The position would be this: that if the Minister for Justice thought that a particular district justice was acting in an improper manner, he would bring the matter to the attention of the Attorney-General of the day and ask him to have the conduct of this particular justice reviewed. I stand very firmly over the independence of the judiciary. I think it is a very important principle. I think it would be a great mistake on the part of any Government to do anything which would make it appear that the judiciary was in any way subject to the Executive of the day. It has to stand in an independent position and that position ought to be one of safeguarding the interests of the individual citizen against any unjustified aggression on the part of the Executive. At the same time, the courts ought to bear in mind that an Executive has responsible duties to the community; that it has to perform its duty.

Whilst protecting the citizen against any undue aggression by the Executive Council a justice should at the same time have in mind the interests of the community as a whole, and remember that there is such a thing in a matter of that sort as unjustifiably leaning backwards. I think I have heard it from the other side of the House, and therefore it will not be regarded as a Party attack if I say that I have been scandalised on more than one occasion, not alone since I came to those benches but even when I was on the other benches, by statements that have been made unnecessarily by justices, apart from their functions or their duties, and I take it that no member of this House wants that. Justices are in a protected position. They are given positions of great responsibility and great honour, so they ought to be most careful that in the exercise of their duties they keep within their own proper limit. In cases where that is departed from, I think the Minister for Justice of the day—if he thinks remarks made by a justices are calculated to impair the administration of justice or the preservation of order—would be entitled to bring the conduct of such a justice to the attention of the Attorney-General. Is there anybody here who thinks for a moment that if a case of that kind were referred to the Committee which is provided for in this Bill—the Chief Justice, the President of the High Court and the Attorney-General—there would be a decision against the district justice unless it were well justified? It is no harm for anybody to have constantly before him the idea that he is not irresponsible—that there are some people at any rate to whom he is responsible. Judges for instance are themselves responsible to the Dáil, in the sense that if they were to act in a manner which was obviously irregular and generally harmful—I forget the exact words of the Constitution at the moment—the Dáil could, by the majority that is provided for, remove a judge, and I think that the community does need some protection in that case.

Would the President tell us why district justices are singled out?
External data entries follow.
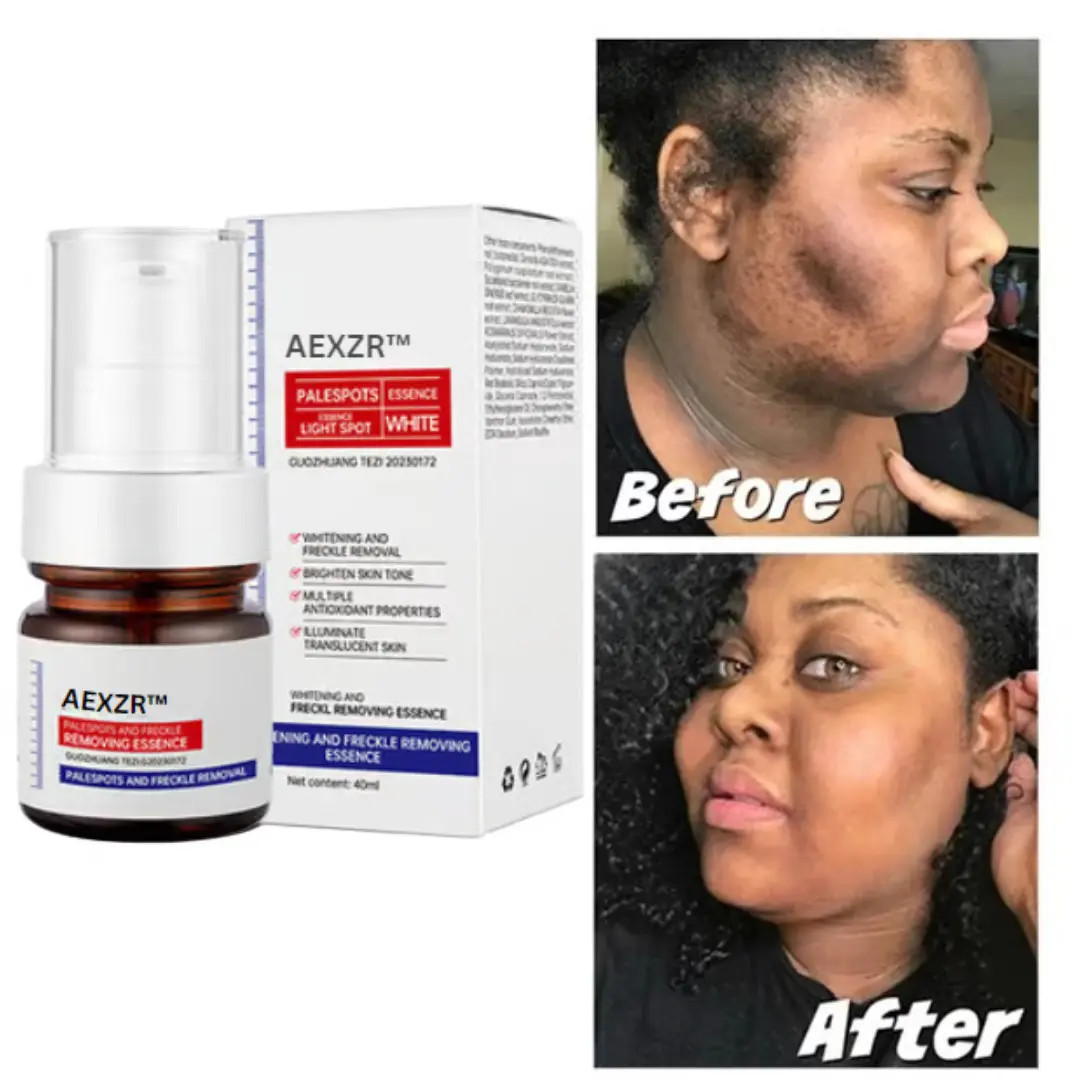 AEXZR™ Vitamin C Whitening Freckles Face Cream Remove Melasma Dark Spots Lighten Melanin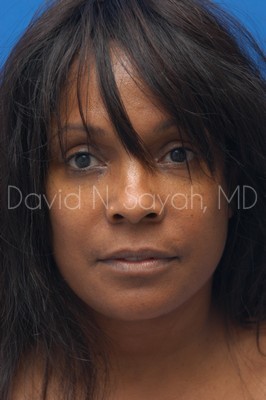 Facelift Before and After | Sayah Institute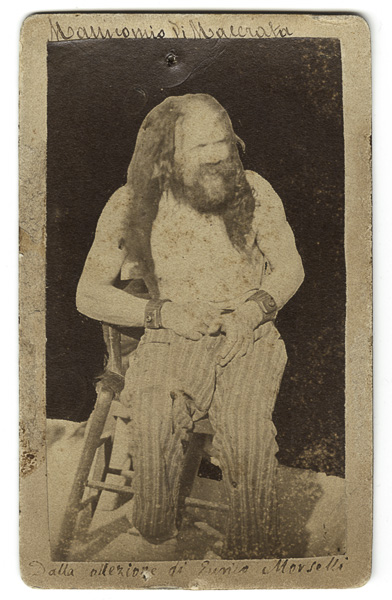 Persone - Uomini - Lombroso - Morselli - (positivo) di Balelli, Licurgo, Morselli, Enrico (ultimo quarto XIX)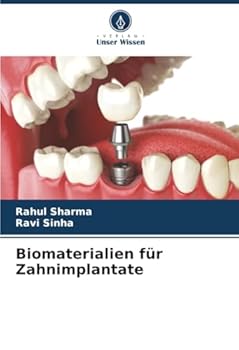 Paperback Biomaterialien für Zahnimplantate [German] Book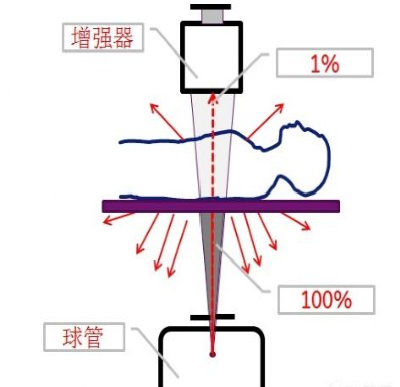 c臂机怎么上升C臂机透视中，防护的那些事！_https://www.jmylbn.com_新闻资讯_第6张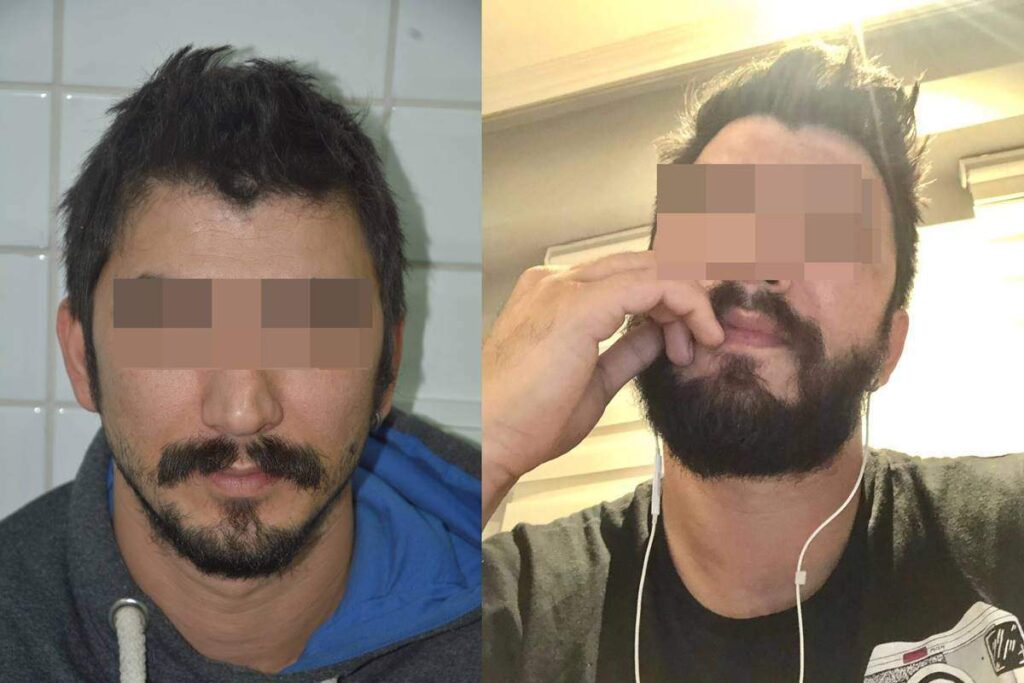 sakal ektirme öncesi sonrası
Because of the fact that the alternative would be to have the same rule for them here; there are judges to look after judges. The Deputy will admit that the judges of the High Court are on a higher scale. At any rate, they are so regarded, and are paid higher. They are in a position of greater responsibility than district justices. We put the higher judges, so to speak, or a committee of them, as guardians over the other judges. The guardian over the higher judges is ultimately this House, as representing the community as a whole. I think that there is an understandable gradation there. I want to point out also to the Deputy, who seems to be quite unaware of it, the fact that there is a distinction at the moment. Under the existing law, the present position is that if the Attorney-General and the Chief Justice—there are only two on the committee at the moment—were to agree, they could remove a district justice for misconduct. The only thing we are really doing is changing it from being a tribunal or a committee of two to a committee of three, and we are weighting it on the side of the independence of the judiciary by putting a majority of the judges on the committee. I do not think that any reasonable person can suggest that there is, in that, anything which can fairly be described as an attempt to undermine the independence of the judiciary. I am perfectly certain that the majority of our people will understand that it is necessary to have some tribunal to which a complaint can be made when justices act in an irresponsible manner, exceed their functions, or take advantage of the position they are in to say and do things which they ought not to say or do.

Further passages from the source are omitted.